In 2020, approximately 10 million people developed tuberculosis, resulting in over 1.5 million human deaths. Tuberculosis is a chronic, often lifelong disease, caused by infection with M.tuberculosis. Tuberculosis usually affects the lungs, but it can also affect other parts of the body, such as the brain, the kidneys, or the spine. Despite the development of a highly effective first-line treatment regimen, tuberculosis remains one of the top 10 causes of death worldwide and a leading cause of death by an infectious agent.
Latent and active forms of tuberculosis require treatment with antibiotics, such as isoniazid and rifampin. Antibiotics are a class of secondary metabolites produced from microorganisms, animals or plants. Some of them exhibit anti-bacterial, anti-fungal, anthelmintic, anti-tumor or immunosuppressive activities with a wealth of structural classes such as β-lactams, macrolide and polyether. Antibiotics such as penicillin, cephalosporin, streptomycin, and tetracycline can be used in the treatment of human and veterinary diseases. However, antibiotic resistance is also a growing threat to global public health.
Pretomanid (PA-824), a potent and orally avctive antimycobacterial agent.
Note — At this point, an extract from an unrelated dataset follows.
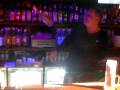 Sexy hunky barman flairing at O´neill´s bar Tenerife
Pretomanid is a antibiotic with both solid bactericidal and bacteriostatic effect, and with an excellent effectiveness and tolerability profile. Importantly, Pretomanid has activity against static M.tuberculosis isolates that survive under anaerobic conditions, with bactericidal activity comparable to that of the existing drug metronidazole. Pretomanid is a prodrug and needs activation by M.tuberculosis deazaflavin dependent-nitroreductase which transforms Pretomanid into three primary active metabolites. Pretomanid is active against replicating and non-replicating bacilli through two main mechanisms of action. 1) in aerobic conditions Pretomanid inhibits protein and lipid synthesis by a dose-dependent ability to decrease the availability of keto mycolic acids by an inadequate oxidative transformation of precursor hydroxymycolates. In anaerobic state, Pretomanid generates des-nitro metabolites and the release of nitric oxide. Therefore, Pretomanid is effective in pulmonary extensively drug resistant (XDR), or intolerant or nonresponsive multidrug-resistant (MDR) tuberculosis.
All in all, Pretomanid (PA-824), a potent and orally avctive antimycobacterial agent with both solid bactericidal and bacteriostatic effect, and with an excellent effectiveness and tolerability profile.